Cyprus is an island in the eastern Mediterranean. Turkey is 40 miles north of the nearest coastline point, Syria is 60 miles east, Lebanon is 108 miles south-east, Israel is 180 miles south-east, and Egypt is 230 miles south. Cyprus is the Mediterranean’s third largest island. Sicily and Sardinia are smaller, whereas Corsica and Crete are bigger. The island’s total size is 3584 square miles (an area of 9250 square kilometers).
Since 1974, Cyprus has been divided into two independent entities. This was caused by language and cultural disparities, as well as 11 years of communal strife. Greek Cypriots inhabit the southern half of Cyprus, while Turkish Cypriots occupy the northern half. The two states are separated by the ‘Green Line,’ which runs through Nicosia, the capital of both South and North Cyprus.

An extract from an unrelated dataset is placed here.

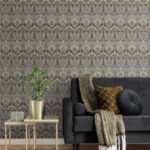 Dragonfly Damask - Metallic Bronze and Smoke | Grays Damasks and Scrolls Wallpaper for Half Bath, Dining Room, and Powder Room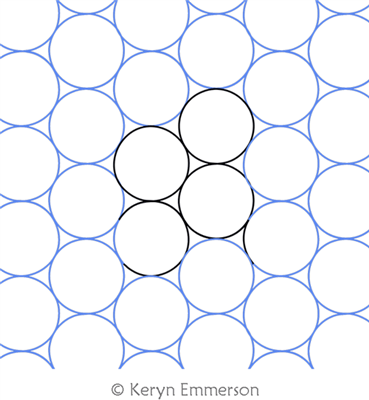 Circle Grid Hex 2 by Keryn Emmerson. This image demonstrates how this computerized pattern will stitch out once loaded on your robotic quilting system. A full page pdf is included with the design download.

The beauty of North Cyprus topography…
North Cyprus is approximately 100 miles long and 40 miles broad at its widest point, with a total size of 1357 square miles, or roughly one-third of the island. North Cyprus’s topography is distinguished by a unique combination of mountains, plains, and beaches. The Kyrenia Range, with its majestic jagged limestone peaks, the tallest of which is Mount Selvili at 3357 feet, stretches along with the majority of the north coast, providing a stunning environment. The mountain range loses height to the east of the island as it stretches down the narrow peninsula known as Karpas or ‘The Panhandle.’ The best beaches in North Cyprus can be found along with it. There are miles and miles of empty bays with pristine white sand. The Mesaoria plains are to the south of the Kyrenia mountains. The divided capital of Nicosia (Lefkosa) is located here. Other notable cities are Guzelyurt in the west of North Cyprus, where most of the citrus is grown, Kyrenia (Girne) on the northern coast, and Famagusta (Gazimagusa) in the east. If you enjoy hot and humid weather, the weather in North Cyprus is ideal; so, forget about the grey skies, rain, and cold, and think about sunshine and lovely beaches instead.
Summer in North Cyprus is meant to be spent outside. By mid-July, temperatures had risen to thirty degrees (Celcius) and above. Cypriots are known for their love of nature and the outdoors. Nature awakens in North Cyprus throughout the winter, donning its most gorgeous colors in the spring to create a landscape of unsurpassed beauty, with temperatures seldom falling below 3-4 degrees (Celcius). The island enters a period of calm and repose in the fall and spring, with mild temperatures.
North Cyprus shares its God-given gifts of beauty with you. The fertile soils, which are covered with Mediterranean flora, remain as unspoiled as the day they were created. The most precious benefits that North Cyprus has to offer range from basking and resting on tranquil beaches to the sound of cicadas and bathing in the cleanest waters of the Mediterranean. When you take a break from studying, the green Gulf of Guzelyurt in the east awaits you, with the Soli and Vouni cultural heritage in the background, and you can sip your coffee beneath the shade of venerable antique olive trees.
You can get to know about the kings’ churches, which are adorned with Ottoman minarets, and wander through Lefkosa’s medieval, mysterious Ottoman and Gothic cloisters. Under Kyrenia’s old harbor, in the shade of the Besparmak mountains, you can tread in the footsteps of the Lusignans and Venetians. As you go south, the beautiful plains of Meserya will enchant you, and the Venetian city walls of Famagusta and the Othello Tower will welcome you, accompanied by Shakespeare’s sonnets. You set off towards the pristine and undiscovered Karpas Peninsula, the island’s virgin country, greeted by the charm and mystery of Famagusta. Karpas’ island donkeys will greet you as you enter this terrain, which is known for its distinctive ornithology and is home to the Medos tulip.
The beaches of North Cyprus are popular not just with residents, students, and tourists, but also with the rare green and loggerhead sea turtles. Thousands of sea turtles flock to the golden beaches of North Cyprus each year to lay their eggs, and these rare species are closely guarded throughout the breeding season. At a number of protected spots around the North Cyprus coastline, you can see newborn turtles hatch and scurry to the foaming sea at night, before returning to your room with great images and lovely memories.